─── Material provided
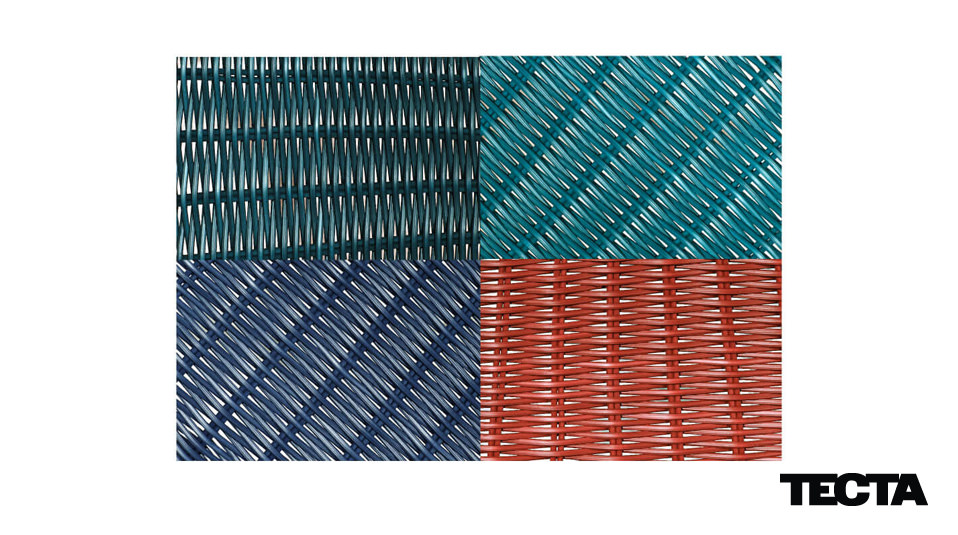 Tecta Kragstuhl neue Farben Tecta Kragstuhl neue Farben
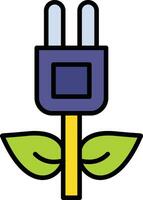 Power Vector Icon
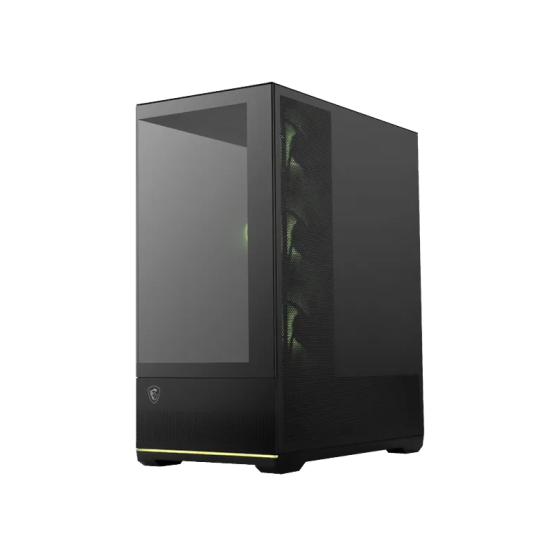 PC Gaming Powered by MSI Advanced Ryzen 7 5800X RTX 5070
──────
Work instructions.
With the pictures set aside, write out the whole listing exactly.

Finished task.
 Tecta Kragstuhl neue Farben Tecta Kragstuhl neue Farben
 Power Vector Icon
 PC Gaming Powered by MSI Advanced Ryzen 7 5800X RTX 5070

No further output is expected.